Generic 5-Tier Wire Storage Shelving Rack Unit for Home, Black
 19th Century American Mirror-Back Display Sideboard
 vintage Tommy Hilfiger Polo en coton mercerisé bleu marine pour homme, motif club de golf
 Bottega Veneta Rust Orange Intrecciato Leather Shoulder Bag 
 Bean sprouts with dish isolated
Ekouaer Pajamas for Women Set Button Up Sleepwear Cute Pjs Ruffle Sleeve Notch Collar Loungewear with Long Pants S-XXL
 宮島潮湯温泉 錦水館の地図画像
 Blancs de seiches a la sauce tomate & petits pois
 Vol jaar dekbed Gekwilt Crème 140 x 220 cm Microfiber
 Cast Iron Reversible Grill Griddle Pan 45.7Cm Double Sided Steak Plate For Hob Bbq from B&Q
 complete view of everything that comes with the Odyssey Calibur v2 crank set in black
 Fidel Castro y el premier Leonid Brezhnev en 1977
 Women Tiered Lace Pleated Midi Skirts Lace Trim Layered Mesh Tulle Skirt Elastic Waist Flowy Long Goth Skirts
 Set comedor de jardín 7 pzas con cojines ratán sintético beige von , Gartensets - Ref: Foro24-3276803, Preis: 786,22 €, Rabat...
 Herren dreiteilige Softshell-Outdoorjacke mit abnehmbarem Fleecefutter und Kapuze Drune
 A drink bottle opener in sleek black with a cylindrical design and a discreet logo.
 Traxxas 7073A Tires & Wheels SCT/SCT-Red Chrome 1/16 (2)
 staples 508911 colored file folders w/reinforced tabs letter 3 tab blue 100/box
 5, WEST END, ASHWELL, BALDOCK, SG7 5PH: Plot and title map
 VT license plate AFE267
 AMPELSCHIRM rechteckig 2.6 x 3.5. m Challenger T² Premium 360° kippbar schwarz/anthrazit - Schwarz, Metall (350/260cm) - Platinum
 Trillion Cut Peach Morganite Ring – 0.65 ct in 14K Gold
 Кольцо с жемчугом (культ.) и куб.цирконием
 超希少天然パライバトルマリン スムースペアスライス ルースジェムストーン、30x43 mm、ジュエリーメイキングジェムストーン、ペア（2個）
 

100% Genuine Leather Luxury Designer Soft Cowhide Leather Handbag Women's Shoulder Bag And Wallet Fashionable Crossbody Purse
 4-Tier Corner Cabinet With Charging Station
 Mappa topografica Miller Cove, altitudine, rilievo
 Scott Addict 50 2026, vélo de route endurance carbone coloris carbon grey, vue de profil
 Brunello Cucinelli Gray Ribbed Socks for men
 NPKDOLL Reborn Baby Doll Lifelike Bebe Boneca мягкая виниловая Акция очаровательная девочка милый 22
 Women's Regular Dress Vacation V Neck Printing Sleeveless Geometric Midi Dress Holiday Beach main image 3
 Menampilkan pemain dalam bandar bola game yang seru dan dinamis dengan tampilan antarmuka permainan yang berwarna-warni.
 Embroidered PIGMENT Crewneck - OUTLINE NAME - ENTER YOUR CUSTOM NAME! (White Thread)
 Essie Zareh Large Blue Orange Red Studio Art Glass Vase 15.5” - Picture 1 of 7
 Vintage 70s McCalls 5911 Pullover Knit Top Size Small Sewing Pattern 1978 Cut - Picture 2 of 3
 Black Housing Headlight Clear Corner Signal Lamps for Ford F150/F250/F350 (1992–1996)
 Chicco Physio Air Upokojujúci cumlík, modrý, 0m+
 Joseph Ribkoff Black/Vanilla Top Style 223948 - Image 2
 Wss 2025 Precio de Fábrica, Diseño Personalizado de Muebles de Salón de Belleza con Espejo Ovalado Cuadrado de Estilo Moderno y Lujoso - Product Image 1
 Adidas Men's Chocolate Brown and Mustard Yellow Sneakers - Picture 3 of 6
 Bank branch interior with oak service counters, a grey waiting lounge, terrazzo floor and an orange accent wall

• TASK TO CARRY OUT: In full and without error, retype the entries above.

• ANSWER BOX:
Generic 5-Tier Wire Storage Shelving Rack Unit for Home, Black
 19th Century American Mirror-Back Display Sideboard
 vintage Tommy Hilfiger Polo en coton mercerisé bleu marine pour homme, motif club de golf
 Bottega Veneta Rust Orange Intrecciato Leather Shoulder Bag 
 Bean sprouts with dish isolated
Ekouaer Pajamas for Women Set Button Up Sleepwear Cute Pjs Ruffle Sleeve Notch Collar Loungewear with Long Pants S-XXL
 宮島潮湯温泉 錦水館の地図画像
 Blancs de seiches a la sauce tomate & petits pois
 Vol jaar dekbed Gekwilt Crème 140 x 220 cm Microfiber
 Cast Iron Reversible Grill Griddle Pan 45.7Cm Double Sided Steak Plate For Hob Bbq from B&Q
 complete view of everything that comes with the Odyssey Calibur v2 crank set in black
 Fidel Castro y el premier Leonid Brezhnev en 1977
 Women Tiered Lace Pleated Midi Skirts Lace Trim Layered Mesh Tulle Skirt Elastic Waist Flowy Long Goth Skirts
 Set comedor de jardín 7 pzas con cojines ratán sintético beige von , Gartensets - Ref: Foro24-3276803, Preis: 786,22 €, Rabat...
 Herren dreiteilige Softshell-Outdoorjacke mit abnehmbarem Fleecefutter und Kapuze Drune
 A drink bottle opener in sleek black with a cylindrical design and a discreet logo.
 Traxxas 7073A Tires & Wheels SCT/SCT-Red Chrome 1/16 (2)
 staples 508911 colored file folders w/reinforced tabs letter 3 tab blue 100/box
 5, WEST END, ASHWELL, BALDOCK, SG7 5PH: Plot and title map
 VT license plate AFE267
 AMPELSCHIRM rechteckig 2.6 x 3.5. m Challenger T² Premium 360° kippbar schwarz/anthrazit - Schwarz, Metall (350/260cm) - Platinum
 Trillion Cut Peach Morganite Ring – 0.65 ct in 14K Gold
 Кольцо с жемчугом (культ.) и куб.цирконием
 超希少天然パライバトルマリン スムースペアスライス ルースジェムストーン、30x43 mm、ジュエリーメイキングジェムストーン、ペア（2個）
 

100% Genuine Leather Luxury Designer Soft Cowhide Leather Handbag Women's Shoulder Bag And Wallet Fashionable Crossbody Purse
 4-Tier Corner Cabinet With Charging Station
 Mappa topografica Miller Cove, altitudine, rilievo
 Scott Addict 50 2026, vélo de route endurance carbone coloris carbon grey, vue de profil
 Brunello Cucinelli Gray Ribbed Socks for men
 NPKDOLL Reborn Baby Doll Lifelike Bebe Boneca мягкая виниловая Акция очаровательная девочка милый 22
 Women's Regular Dress Vacation V Neck Printing Sleeveless Geometric Midi Dress Holiday Beach main image 3
 Menampilkan pemain dalam bandar bola game yang seru dan dinamis dengan tampilan antarmuka permainan yang berwarna-warni.
 Embroidered PIGMENT Crewneck - OUTLINE NAME - ENTER YOUR CUSTOM NAME! (White Thread)
 Essie Zareh Large Blue Orange Red Studio Art Glass Vase 15.5” - Picture 1 of 7
 Vintage 70s McCalls 5911 Pullover Knit Top Size Small Sewing Pattern 1978 Cut - Picture 2 of 3
 Black Housing Headlight Clear Corner Signal Lamps for Ford F150/F250/F350 (1992–1996)
 Chicco Physio Air Upokojujúci cumlík, modrý, 0m+
 Joseph Ribkoff Black/Vanilla Top Style 223948 - Image 2
 Wss 2025 Precio de Fábrica, Diseño Personalizado de Muebles de Salón de Belleza con Espejo Ovalado Cuadrado de Estilo Moderno y Lujoso - Product Image 1
 Adidas Men's Chocolate Brown and Mustard Yellow Sneakers - Picture 3 of 6
 Bank branch interior with oak service counters, a grey waiting lounge, terrazzo floor and an orange accent wall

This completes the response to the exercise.